● **WORK TO COMPLETE**: Each line from the start of the listing below through the line containing "Trace Elliot ELF" should be reproduced exactly, with no others.

### TASK DATA ###

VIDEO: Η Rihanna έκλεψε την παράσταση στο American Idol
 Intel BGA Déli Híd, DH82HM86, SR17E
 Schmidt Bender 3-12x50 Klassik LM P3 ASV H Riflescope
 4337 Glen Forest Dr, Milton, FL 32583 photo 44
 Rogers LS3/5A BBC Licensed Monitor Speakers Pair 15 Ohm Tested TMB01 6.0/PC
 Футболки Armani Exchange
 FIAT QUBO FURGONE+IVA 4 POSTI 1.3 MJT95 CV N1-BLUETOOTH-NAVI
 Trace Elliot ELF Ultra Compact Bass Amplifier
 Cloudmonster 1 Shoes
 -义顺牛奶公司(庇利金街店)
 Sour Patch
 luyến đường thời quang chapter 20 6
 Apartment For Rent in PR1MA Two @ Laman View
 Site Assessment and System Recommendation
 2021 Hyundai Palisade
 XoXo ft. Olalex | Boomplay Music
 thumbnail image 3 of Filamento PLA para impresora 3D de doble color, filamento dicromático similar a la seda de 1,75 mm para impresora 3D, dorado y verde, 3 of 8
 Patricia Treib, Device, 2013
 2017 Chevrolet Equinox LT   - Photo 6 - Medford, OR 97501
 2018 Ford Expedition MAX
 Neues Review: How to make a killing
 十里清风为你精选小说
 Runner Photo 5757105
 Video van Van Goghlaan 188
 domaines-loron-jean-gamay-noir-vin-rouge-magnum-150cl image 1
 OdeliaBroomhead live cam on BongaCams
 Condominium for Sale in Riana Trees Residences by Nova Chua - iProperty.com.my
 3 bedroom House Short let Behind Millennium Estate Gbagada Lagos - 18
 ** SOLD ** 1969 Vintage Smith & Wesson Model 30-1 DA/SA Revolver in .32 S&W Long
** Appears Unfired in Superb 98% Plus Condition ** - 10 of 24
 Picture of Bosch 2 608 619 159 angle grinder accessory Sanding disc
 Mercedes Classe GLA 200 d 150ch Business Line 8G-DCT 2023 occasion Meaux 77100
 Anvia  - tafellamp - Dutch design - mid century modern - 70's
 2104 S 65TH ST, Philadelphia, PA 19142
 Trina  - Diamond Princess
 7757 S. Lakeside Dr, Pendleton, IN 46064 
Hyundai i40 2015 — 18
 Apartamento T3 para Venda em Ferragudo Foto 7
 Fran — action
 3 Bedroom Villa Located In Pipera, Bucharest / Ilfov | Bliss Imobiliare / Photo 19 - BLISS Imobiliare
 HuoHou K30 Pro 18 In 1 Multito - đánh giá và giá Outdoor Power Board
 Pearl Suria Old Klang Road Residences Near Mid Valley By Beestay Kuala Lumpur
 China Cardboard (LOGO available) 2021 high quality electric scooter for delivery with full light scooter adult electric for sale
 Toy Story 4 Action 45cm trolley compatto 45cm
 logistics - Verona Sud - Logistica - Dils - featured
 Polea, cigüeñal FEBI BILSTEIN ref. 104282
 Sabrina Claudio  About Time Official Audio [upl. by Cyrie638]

###

● **WRITTEN REPLY**:
VIDEO: Η Rihanna έκλεψε την παράσταση στο American Idol
 Intel BGA Déli Híd, DH82HM86, SR17E
 Schmidt Bender 3-12x50 Klassik LM P3 ASV H Riflescope
 4337 Glen Forest Dr, Milton, FL 32583 photo 44
 Rogers LS3/5A BBC Licensed Monitor Speakers Pair 15 Ohm Tested TMB01 6.0/PC
 Футболки Armani Exchange
 FIAT QUBO FURGONE+IVA 4 POSTI 1.3 MJT95 CV N1-BLUETOOTH-NAVI
 Trace Elliot ELF Ultra Compact Bass Amplifier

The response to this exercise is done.